• Action item:
Return the run of lines below that opens with the line containing "Cobbleskill Semi-Flush Mount" and closes with the line containing "Gold Finish Aqua", keeping each one exact.
Segment Start: Exercise data
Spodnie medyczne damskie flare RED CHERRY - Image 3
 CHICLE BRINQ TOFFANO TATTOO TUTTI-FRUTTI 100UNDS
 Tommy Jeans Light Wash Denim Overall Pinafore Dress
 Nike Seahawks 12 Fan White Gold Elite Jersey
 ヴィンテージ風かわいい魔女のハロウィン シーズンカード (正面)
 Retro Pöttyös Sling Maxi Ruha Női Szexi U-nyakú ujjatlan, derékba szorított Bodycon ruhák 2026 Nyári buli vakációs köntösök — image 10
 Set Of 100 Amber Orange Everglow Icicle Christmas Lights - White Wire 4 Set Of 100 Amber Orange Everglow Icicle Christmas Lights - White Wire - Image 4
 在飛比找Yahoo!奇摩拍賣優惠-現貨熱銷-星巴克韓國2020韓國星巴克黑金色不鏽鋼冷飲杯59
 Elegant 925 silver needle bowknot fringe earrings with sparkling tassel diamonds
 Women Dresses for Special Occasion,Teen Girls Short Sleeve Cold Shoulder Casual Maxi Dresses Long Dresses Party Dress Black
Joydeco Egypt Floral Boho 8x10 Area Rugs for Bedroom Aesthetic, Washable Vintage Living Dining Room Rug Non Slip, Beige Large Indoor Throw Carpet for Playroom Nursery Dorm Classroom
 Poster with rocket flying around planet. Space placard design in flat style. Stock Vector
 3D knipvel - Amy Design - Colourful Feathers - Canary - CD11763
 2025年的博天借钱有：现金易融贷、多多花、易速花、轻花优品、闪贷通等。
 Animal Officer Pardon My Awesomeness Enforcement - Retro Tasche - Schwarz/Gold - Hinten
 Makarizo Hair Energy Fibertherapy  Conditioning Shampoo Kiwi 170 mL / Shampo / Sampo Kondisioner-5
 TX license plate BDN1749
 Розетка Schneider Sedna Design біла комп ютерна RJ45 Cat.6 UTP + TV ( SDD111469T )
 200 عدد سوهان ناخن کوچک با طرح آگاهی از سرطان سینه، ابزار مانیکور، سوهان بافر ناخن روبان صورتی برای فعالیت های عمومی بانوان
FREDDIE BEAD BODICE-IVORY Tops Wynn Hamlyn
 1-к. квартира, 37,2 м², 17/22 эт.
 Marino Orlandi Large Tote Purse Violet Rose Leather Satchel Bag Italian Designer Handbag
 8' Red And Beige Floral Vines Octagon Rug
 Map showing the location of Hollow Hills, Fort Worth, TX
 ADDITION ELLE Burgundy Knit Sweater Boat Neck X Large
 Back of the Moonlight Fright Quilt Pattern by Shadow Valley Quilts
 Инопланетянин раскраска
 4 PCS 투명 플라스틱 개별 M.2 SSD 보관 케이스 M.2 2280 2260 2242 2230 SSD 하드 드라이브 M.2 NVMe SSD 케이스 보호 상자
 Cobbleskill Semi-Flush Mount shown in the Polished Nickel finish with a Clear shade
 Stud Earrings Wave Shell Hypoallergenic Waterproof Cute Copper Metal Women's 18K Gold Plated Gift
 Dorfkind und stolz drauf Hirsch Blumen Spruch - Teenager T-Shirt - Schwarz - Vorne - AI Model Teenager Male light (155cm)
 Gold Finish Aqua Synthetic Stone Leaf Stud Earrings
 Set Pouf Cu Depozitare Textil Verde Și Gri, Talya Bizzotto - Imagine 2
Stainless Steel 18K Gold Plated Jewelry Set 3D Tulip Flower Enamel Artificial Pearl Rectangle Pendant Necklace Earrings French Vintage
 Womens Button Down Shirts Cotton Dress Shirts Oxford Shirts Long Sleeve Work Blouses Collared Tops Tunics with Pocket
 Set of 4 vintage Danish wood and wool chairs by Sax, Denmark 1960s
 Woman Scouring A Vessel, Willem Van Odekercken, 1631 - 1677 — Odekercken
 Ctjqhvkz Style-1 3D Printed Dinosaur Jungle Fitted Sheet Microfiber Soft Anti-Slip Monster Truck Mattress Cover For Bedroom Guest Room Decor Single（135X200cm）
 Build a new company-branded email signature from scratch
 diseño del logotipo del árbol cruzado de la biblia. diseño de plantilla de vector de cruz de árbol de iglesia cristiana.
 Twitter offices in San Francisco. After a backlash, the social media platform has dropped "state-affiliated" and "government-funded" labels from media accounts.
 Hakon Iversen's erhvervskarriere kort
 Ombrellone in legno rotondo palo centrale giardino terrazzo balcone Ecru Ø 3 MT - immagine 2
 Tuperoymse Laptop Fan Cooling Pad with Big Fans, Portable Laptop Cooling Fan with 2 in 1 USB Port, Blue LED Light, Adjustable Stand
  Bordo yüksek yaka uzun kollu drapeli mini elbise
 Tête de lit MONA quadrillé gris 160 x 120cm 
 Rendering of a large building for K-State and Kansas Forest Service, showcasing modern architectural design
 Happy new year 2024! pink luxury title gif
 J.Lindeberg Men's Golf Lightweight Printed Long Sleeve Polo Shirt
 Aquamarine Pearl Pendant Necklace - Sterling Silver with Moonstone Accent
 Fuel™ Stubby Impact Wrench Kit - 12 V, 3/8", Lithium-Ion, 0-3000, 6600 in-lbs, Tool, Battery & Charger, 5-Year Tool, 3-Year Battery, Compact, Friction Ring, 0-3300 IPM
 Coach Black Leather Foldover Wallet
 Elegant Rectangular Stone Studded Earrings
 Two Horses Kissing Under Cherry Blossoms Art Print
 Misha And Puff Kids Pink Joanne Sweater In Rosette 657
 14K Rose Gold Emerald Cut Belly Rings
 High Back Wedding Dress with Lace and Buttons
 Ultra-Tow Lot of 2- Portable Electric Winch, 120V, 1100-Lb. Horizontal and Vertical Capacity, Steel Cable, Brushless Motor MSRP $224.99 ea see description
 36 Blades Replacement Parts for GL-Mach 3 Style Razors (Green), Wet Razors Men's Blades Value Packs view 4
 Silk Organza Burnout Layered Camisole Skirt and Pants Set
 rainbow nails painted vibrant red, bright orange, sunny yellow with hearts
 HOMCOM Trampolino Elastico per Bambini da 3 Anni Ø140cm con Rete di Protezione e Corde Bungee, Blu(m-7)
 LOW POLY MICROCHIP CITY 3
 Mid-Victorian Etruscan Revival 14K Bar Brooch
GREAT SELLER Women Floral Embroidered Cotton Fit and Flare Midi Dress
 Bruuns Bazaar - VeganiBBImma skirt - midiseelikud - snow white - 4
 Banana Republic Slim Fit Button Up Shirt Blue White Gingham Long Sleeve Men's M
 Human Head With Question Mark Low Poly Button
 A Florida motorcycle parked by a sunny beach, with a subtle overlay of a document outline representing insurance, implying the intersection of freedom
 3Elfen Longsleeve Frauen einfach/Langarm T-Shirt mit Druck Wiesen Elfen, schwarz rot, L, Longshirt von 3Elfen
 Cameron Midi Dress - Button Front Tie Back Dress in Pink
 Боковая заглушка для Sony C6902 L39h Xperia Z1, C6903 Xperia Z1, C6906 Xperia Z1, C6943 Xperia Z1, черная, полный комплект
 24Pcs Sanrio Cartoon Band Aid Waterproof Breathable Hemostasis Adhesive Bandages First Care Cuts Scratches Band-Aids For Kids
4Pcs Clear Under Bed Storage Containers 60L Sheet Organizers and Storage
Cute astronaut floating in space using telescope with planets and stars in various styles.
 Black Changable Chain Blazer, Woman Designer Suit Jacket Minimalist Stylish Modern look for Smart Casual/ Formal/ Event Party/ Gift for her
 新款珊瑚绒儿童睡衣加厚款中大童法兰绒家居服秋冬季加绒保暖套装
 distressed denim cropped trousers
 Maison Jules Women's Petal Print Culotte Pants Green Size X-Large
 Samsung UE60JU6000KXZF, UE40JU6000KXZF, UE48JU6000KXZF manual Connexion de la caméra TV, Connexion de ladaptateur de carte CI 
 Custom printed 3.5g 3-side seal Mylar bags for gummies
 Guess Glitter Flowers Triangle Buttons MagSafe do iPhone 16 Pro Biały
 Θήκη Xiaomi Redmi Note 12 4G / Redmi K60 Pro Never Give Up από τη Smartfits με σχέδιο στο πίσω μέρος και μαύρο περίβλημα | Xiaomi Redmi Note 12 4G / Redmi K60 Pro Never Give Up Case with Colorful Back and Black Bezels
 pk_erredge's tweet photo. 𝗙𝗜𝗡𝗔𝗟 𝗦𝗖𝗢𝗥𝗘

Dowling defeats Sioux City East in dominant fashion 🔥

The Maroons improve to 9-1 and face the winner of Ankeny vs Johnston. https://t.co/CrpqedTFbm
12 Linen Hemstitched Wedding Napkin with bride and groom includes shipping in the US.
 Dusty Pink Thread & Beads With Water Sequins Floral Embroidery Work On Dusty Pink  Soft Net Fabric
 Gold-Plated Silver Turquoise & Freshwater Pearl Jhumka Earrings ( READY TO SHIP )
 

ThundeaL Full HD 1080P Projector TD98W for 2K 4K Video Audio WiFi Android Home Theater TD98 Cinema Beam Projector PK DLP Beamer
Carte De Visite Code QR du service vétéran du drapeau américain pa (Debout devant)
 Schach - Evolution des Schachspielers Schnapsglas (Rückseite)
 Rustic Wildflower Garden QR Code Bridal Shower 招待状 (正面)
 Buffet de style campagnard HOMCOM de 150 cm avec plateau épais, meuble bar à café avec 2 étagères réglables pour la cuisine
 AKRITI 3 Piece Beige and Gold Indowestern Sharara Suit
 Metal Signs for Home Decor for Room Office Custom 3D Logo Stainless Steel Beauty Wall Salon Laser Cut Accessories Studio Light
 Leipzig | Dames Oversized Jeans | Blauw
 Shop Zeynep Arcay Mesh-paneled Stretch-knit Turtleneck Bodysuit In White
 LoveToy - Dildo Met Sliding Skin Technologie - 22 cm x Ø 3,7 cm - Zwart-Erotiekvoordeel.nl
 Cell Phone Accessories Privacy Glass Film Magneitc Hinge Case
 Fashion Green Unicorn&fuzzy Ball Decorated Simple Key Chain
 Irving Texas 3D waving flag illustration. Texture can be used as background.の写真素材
Segment End: Exercise data
• Exercise output:
 Cobbleskill Semi-Flush Mount shown in the Polished Nickel finish with a Clear shade
 Stud Earrings Wave Shell Hypoallergenic Waterproof Cute Copper Metal Women's 18K Gold Plated Gift
 Dorfkind und stolz drauf Hirsch Blumen Spruch - Teenager T-Shirt - Schwarz - Vorne - AI Model Teenager Male light (155cm)
 Gold Finish Aqua Synthetic Stone Leaf Stud Earrings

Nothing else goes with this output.